方既白撒起謊來面不改色心不跳:“昨天看電影,散場時間太晚了,寢室都鎖門了。”

“哦,這樣啊。看小何這樣應該是認床吧,看起來精神不太好的樣子。嗐。不過學校附近的賓館確實不靠譜,都是專門坑學生的。”

“那我先帶何安在回去休息了。”

“哦好——對了,下午的課你倆別忘了。”

回到寢室,何安在就趴在了床上,方既白坐在一邊給他仔細地按摩腰。

“衣冠禽獸!”何安在小聲地說。

“嘿嘿,還不是你太勾人了。”方既白故意按重了些,何安在頭埋在被子發出一聲悶哼。

“下次必須節制一點兒!”何安在悶悶地說。

“好,下次不會這麽胡來了。我這不第一次沒什麽經驗嘛,您大人不記小人過。”

何安在沒接話,閉著眼睛假寐。

過了一會兒,何安在扶著腰坐起來:“好了,你也休息休息吧,別按了。按這麽久,胳膊都累酸了吧。”

“不累,這才十幾分鐘呢,你覺得舒服就好。”

這時方既白的電話突然響起。

“餵媽,怎麽了?”

“好我知道了,我很快就回去。”

“怎麽了?”何安在看著他。

“我爺爺突發腦溢血,我媽催我快點回去。”

何安在握了握他的手:“別擔心,爺爺吉人自有天相,不會有事的。我陪你去請假。”

兩人匆忙去請了假,也顧不上收拾衣物就趕去了車站。

臨發車前,方既白把何安在緊緊摟在懷裏。

“給我充充電。”

何安在楞了一下,隨即回抱住他:“我等你回來。”

何安在一直站在那裏,直到那輛列車再也看不見,他還在呆呆地望著。不知站了多久,他才如大夢初醒一般回過神來。

該回去了。

“今天何安在怎麽一個人?”

“方既白好像請假了吧,有人看到他倆一塊去請假了。”

何安在從不覺得少一個人在身邊有什麽大不了的。

“小何,你倆……別真是在一起了吧?”晚上回到寢室,沈臥趁著趙其鏜去洗澡了,湊到何安在身邊小聲地問。
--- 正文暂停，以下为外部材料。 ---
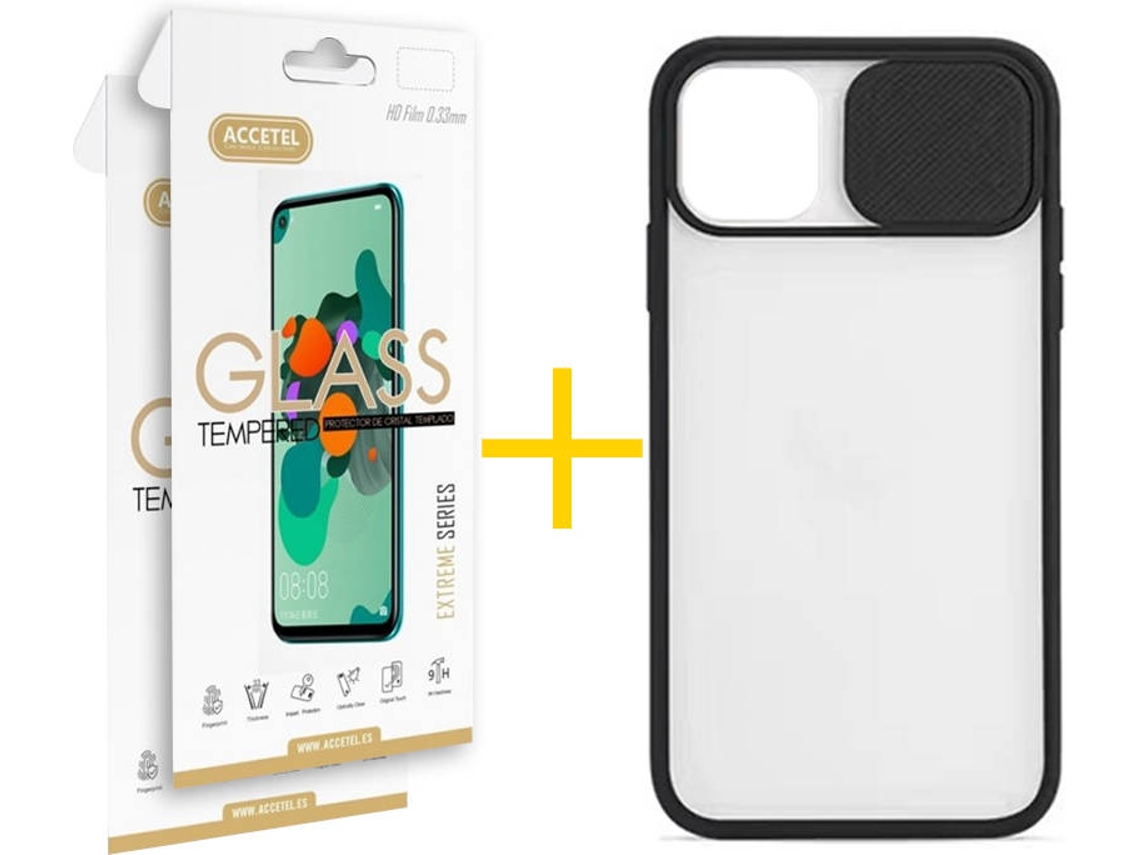 Kit Capa + Película 2 X iPhone 12 Pro Max Skyhe Gel Protection Preto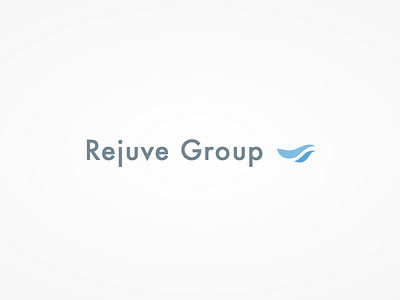 RejuveGroup logo beautiful calm cosmetic dermal flat logo product simple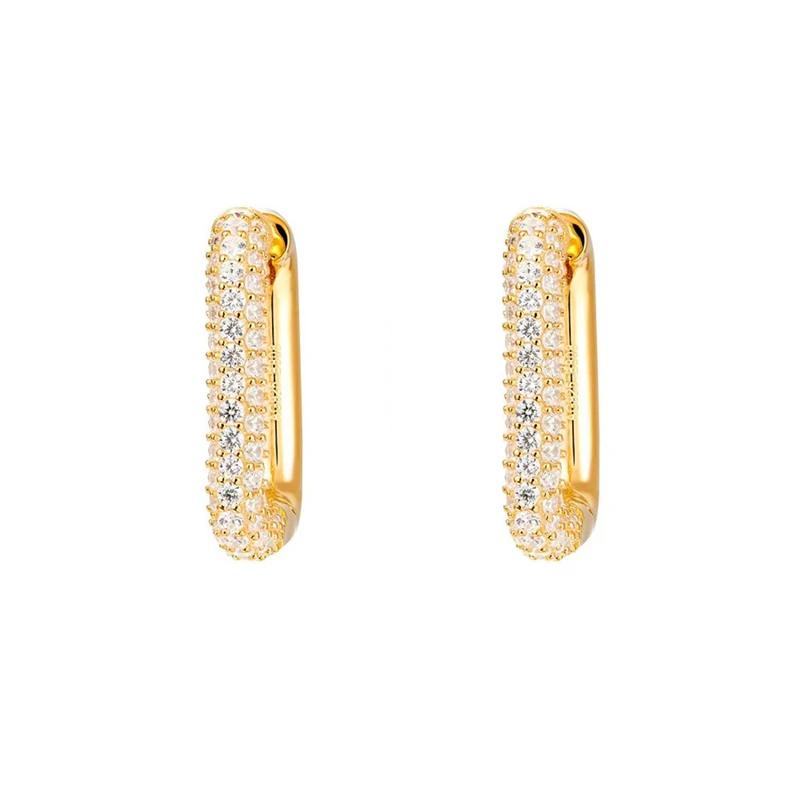 

CRMYA Gold-color Hoop Earrings For Women Vintage Piercing Cubic Zirconia Ear Buckle Earring Jewelry Accessories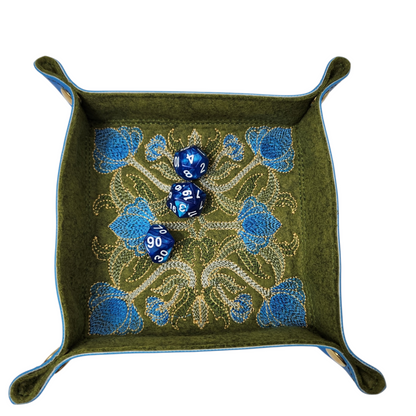 Floral art deco dice tray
沈臥有時也和趙其鏜說起這兩人,趙其鏜總是和他說不準多問。

“怎麽突然這麽問?”

“今天方既白不是請假了嗎?我看你一個下午都魂不守舍的。”沈臥又指了指桌子上的零食,“你肯定也沒好好吃飯吧。”

“沒胃口就不想吃了。”

“你這副病懨懨的樣子讓白子看見了不得心疼死。”

“怎麽就病懨懨了?我身體好著呢!”

何安在莫名覺得煩躁,沖了個涼水澡也沒感覺好受一點兒。

躺在床上何安在怎麽也睡不著,他從櫃子裏摸了包煙出來,就叼在嘴裏,也不點火。

坐在床邊楞了一會兒,何安在覺得沒意思,把煙吐到垃圾桶裏,走去陽臺上吹吹風。

這回兒一直挨到三點多才去睡覺,何安在一起來眼皮就直跳。

上午上課的時候何安在總覺得哪兒不對勁,就好像有個人一直在盯著自己似的,即使下了課走在路上依然有這種感覺。何安在快步出了校門,七拐八拐走到一條小巷子裏。

“草,跟丟了。”

戴著口罩的男生撓了撓頭,拿出手機不知道給誰發消息。

“你在跟誰?”何安在突然出現在那人身後。

口罩男被他嚇了一跳,一見是何安在,拔腿就跑。

何安在追上那人,狠狠把他往前推了一把,那人一個趔趄倒在地上。何安在一把掐住他的脖頸,面無表情地問他:“誰讓你跟我的?”

那人從牙縫裏擠出一句臟話,拳頭直接砸到了何安在鼻梁上。

這麽一打反而把何安在的暴力因子喚醒了。本來就覺得不爽,送上門的出氣筒不打白不打。

等口罩男的幫手到的時候,何安在已經揍得那人鼻青臉腫了。人一多起來,何安在覺得心裏一股火燒得越來越旺了,他也顧不得打架會不會被處分了,只是鉚足了勁去發洩自己心中的煩躁。

那幾個人只想給何安在來個下馬威,何安在卻是真的不要命地去打,那幾個人看自己不占上風很快就散開了。

何安在身上多少也受了點傷,這會兒打完架才覺得自己身上哪兒都疼。

“草,這鼻子不會是骨折了吧?”何安在想了想還是沒有去醫院,去附近的藥店買了瓶紅花油就草草了事了。

何安在見輔導員沒有找自己事,本以為這事就這麽過去了,沒想到第二天又在食堂碰到了那個帶頭的家夥。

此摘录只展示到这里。